(Excerpts from a dataset)
========
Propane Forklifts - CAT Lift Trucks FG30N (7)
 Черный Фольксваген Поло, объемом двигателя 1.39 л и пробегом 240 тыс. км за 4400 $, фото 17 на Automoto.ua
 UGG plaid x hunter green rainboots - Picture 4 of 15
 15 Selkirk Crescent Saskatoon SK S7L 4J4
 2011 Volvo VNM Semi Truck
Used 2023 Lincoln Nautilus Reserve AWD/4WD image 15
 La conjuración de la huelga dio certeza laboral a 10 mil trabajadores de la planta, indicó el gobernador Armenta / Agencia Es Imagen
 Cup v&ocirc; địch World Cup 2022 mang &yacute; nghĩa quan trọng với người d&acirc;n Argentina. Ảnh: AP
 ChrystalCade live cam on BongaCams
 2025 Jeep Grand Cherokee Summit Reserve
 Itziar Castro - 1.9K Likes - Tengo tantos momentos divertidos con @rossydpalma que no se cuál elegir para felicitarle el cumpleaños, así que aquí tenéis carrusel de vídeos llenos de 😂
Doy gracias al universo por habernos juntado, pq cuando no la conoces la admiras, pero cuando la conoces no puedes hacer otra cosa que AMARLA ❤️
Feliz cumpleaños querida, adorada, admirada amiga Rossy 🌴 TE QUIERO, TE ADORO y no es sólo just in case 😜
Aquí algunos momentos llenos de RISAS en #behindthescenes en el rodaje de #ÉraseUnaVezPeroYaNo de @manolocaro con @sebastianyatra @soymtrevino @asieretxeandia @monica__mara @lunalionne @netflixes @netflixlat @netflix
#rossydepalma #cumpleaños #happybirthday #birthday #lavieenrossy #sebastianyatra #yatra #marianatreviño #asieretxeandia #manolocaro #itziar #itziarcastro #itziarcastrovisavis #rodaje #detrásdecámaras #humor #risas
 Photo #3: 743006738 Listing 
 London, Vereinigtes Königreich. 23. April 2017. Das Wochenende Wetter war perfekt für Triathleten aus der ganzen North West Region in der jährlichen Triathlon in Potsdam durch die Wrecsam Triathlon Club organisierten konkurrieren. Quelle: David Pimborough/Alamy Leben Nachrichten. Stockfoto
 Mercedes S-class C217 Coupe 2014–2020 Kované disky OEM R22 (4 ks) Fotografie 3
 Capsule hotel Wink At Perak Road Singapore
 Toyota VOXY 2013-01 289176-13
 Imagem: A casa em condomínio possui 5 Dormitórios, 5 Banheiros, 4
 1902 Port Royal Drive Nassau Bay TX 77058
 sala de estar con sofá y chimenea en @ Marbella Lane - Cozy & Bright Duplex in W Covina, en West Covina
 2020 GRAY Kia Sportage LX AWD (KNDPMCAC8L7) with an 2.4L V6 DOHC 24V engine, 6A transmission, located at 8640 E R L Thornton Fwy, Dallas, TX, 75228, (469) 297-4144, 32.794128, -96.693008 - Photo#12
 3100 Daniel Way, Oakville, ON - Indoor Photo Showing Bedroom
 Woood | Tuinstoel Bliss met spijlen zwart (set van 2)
========
_Aim of the exercise_. Each line in the records above must be returned exactly as it stands.

_Exercise solution_.
Propane Forklifts - CAT Lift Trucks FG30N (7)
 Черный Фольксваген Поло, объемом двигателя 1.39 л и пробегом 240 тыс. км за 4400 $, фото 17 на Automoto.ua
 UGG plaid x hunter green rainboots - Picture 4 of 15
 15 Selkirk Crescent Saskatoon SK S7L 4J4
 2011 Volvo VNM Semi Truck
Used 2023 Lincoln Nautilus Reserve AWD/4WD image 15
 La conjuración de la huelga dio certeza laboral a 10 mil trabajadores de la planta, indicó el gobernador Armenta / Agencia Es Imagen
 Cup v&ocirc; địch World Cup 2022 mang &yacute; nghĩa quan trọng với người d&acirc;n Argentina. Ảnh: AP
 ChrystalCade live cam on BongaCams
 2025 Jeep Grand Cherokee Summit Reserve
 Itziar Castro - 1.9K Likes - Tengo tantos momentos divertidos con @rossydpalma que no se cuál elegir para felicitarle el cumpleaños, así que aquí tenéis carrusel de vídeos llenos de 😂
Doy gracias al universo por habernos juntado, pq cuando no la conoces la admiras, pero cuando la conoces no puedes hacer otra cosa que AMARLA ❤️
Feliz cumpleaños querida, adorada, admirada amiga Rossy 🌴 TE QUIERO, TE ADORO y no es sólo just in case 😜
Aquí algunos momentos llenos de RISAS en #behindthescenes en el rodaje de #ÉraseUnaVezPeroYaNo de @manolocaro con @sebastianyatra @soymtrevino @asieretxeandia @monica__mara @lunalionne @netflixes @netflixlat @netflix
#rossydepalma #cumpleaños #happybirthday #birthday #lavieenrossy #sebastianyatra #yatra #marianatreviño #asieretxeandia #manolocaro #itziar #itziarcastro #itziarcastrovisavis #rodaje #detrásdecámaras #humor #risas
 Photo #3: 743006738 Listing 
 London, Vereinigtes Königreich. 23. April 2017. Das Wochenende Wetter war perfekt für Triathleten aus der ganzen North West Region in der jährlichen Triathlon in Potsdam durch die Wrecsam Triathlon Club organisierten konkurrieren. Quelle: David Pimborough/Alamy Leben Nachrichten. Stockfoto
 Mercedes S-class C217 Coupe 2014–2020 Kované disky OEM R22 (4 ks) Fotografie 3
 Capsule hotel Wink At Perak Road Singapore
 Toyota VOXY 2013-01 289176-13
 Imagem: A casa em condomínio possui 5 Dormitórios, 5 Banheiros, 4
 1902 Port Royal Drive Nassau Bay TX 77058
 sala de estar con sofá y chimenea en @ Marbella Lane - Cozy & Bright Duplex in W Covina, en West Covina
 2020 GRAY Kia Sportage LX AWD (KNDPMCAC8L7) with an 2.4L V6 DOHC 24V engine, 6A transmission, located at 8640 E R L Thornton Fwy, Dallas, TX, 75228, (469) 297-4144, 32.794128, -96.693008 - Photo#12
 3100 Daniel Way, Oakville, ON - Indoor Photo Showing Bedroom
 Woood | Tuinstoel Bliss met spijlen zwart (set van 2)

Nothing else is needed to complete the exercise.